- The Iona Institute - https://ionainstitute.ie -

UN report hits out at sex-selective abortions but wouldn’t ban them

The UN’s agency for population control has hit out against sex-selective abortions [1] in a new report. Nonetheless, it quotes the UN’s Human Rights Committee comment that “bans on sex selection are often ineffective and also infringe reproductive rights [2]”.

In its State of World Population 2020 [3] report, the United Nations Population Fund (UNFPA) writes that “From a human rights perspective, gender-biased sex selection is a harmful practice because it translates a preference for boys over girls into a deliberate prevention of female births. Unambiguously linked to discriminatory norms and behaviours, it is a malignant outcome of gender inequality.”

The 2020 report says that “[m]ore than 140 million females are considered missing today as a consequence not only of gender-biased sex selection but also of postnatal sex selection” (i.e. infanticide).

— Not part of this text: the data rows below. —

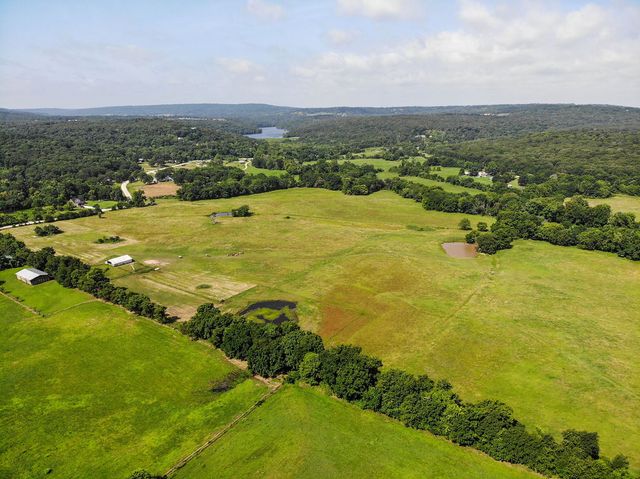 14806 Prairie Grove Lake Road, Prairie Grove, AR 72753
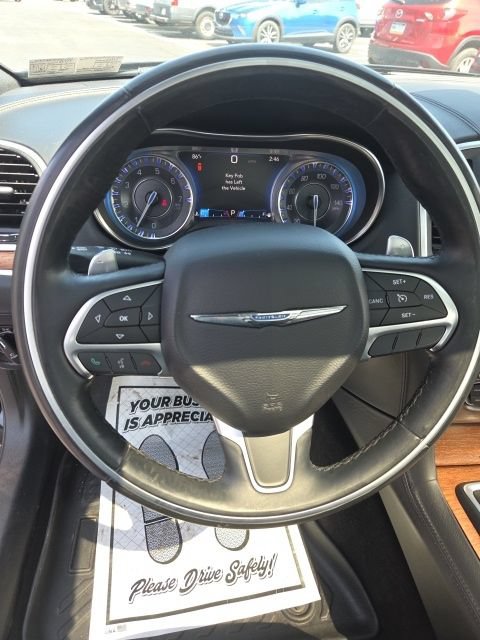 Used 2015 Chrysler 300 C Platinum w/ Harman/Kardon Audio Group AWD/4WD image 11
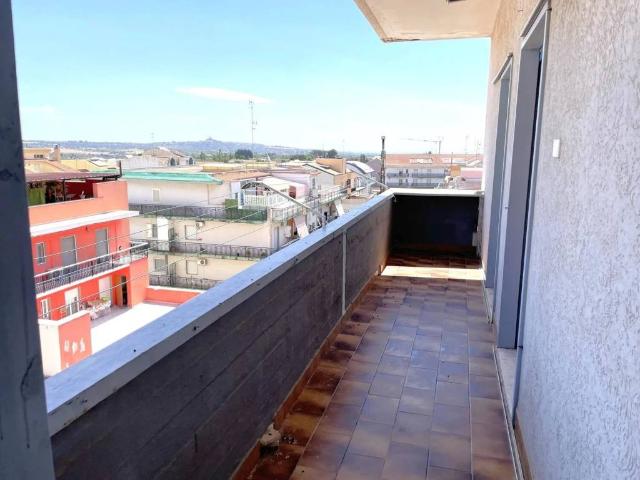 Appartamento in vendita a Floridia SR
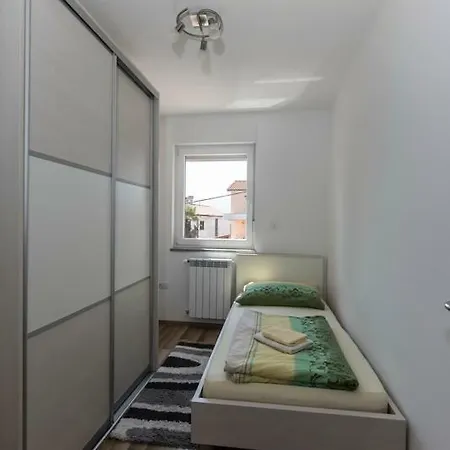 Sandra With Free Private Parking Apartment Rijeka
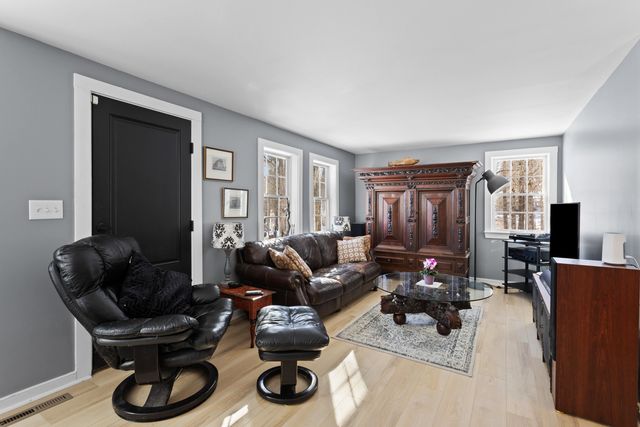 430 Sand Hill Road, Peterborough, NH 03458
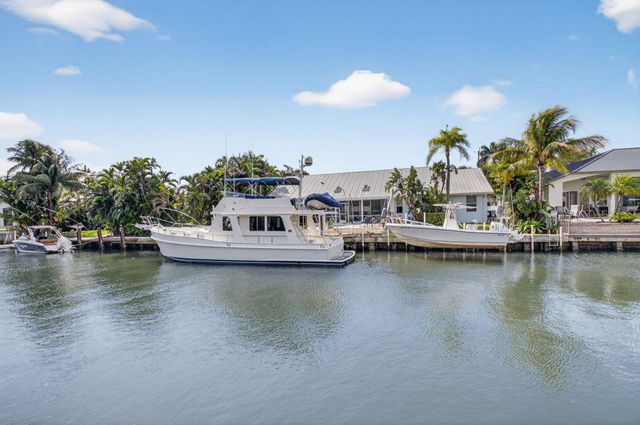 954 Cypress Drive, Delray Beach, FL 33483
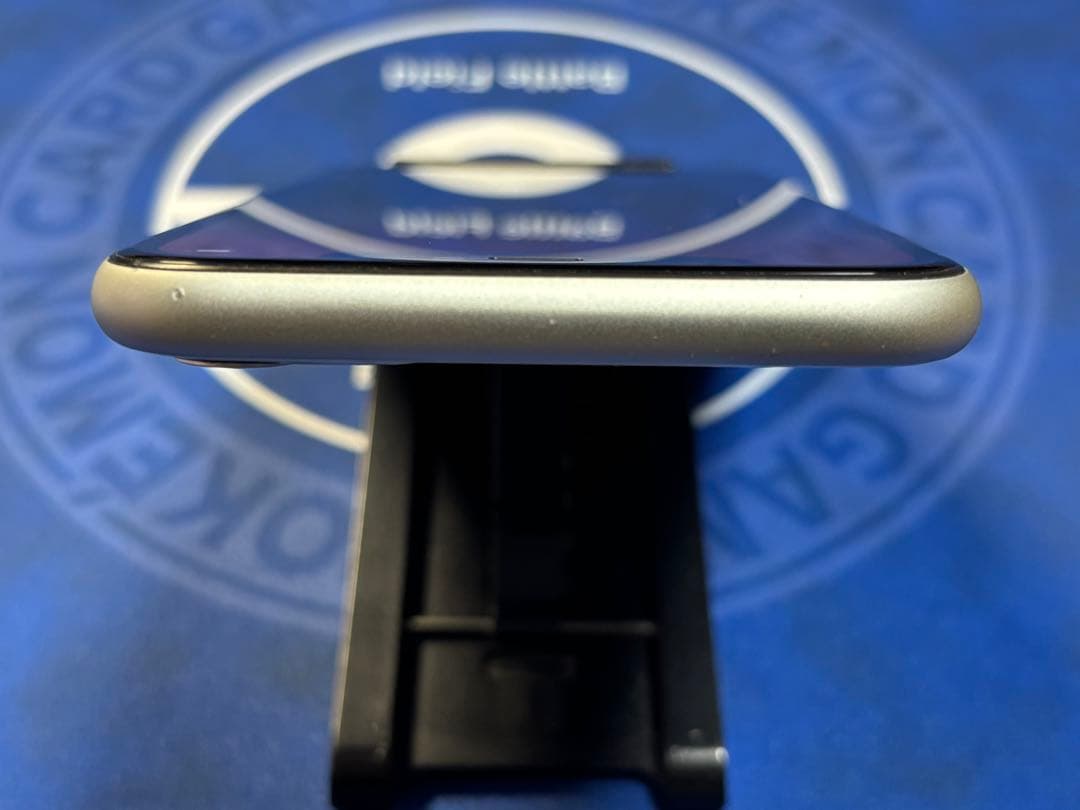 三連休特価【送料込、匿名配送】iPhone11ホワイト64GB simフリー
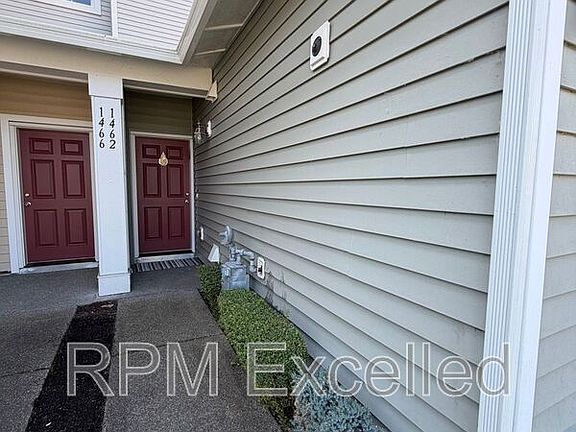 3rd image of 1462 51st Pl NE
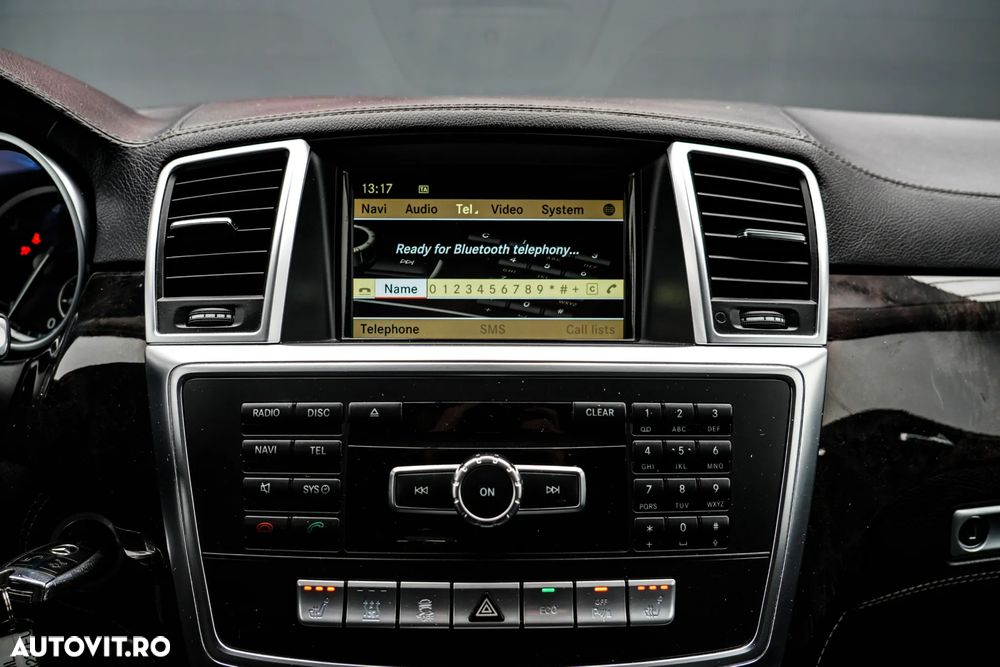 Mercedes-Benz ML 350 BlueTec 4MATIC Aut - 25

It adds that “between 2013 and 2017, about 460,000 girls in India were ‘missing’ at birth each year. According to one analysis, gender-biased sex selection accounts for about two thirds of the total missing girls”.

The report says that the UN’s Human Rights Committee, “has reminded States Parties that gender-biased sex selection is a reflection of the subordination of women and that they therefore have an obligation to address the root causes”.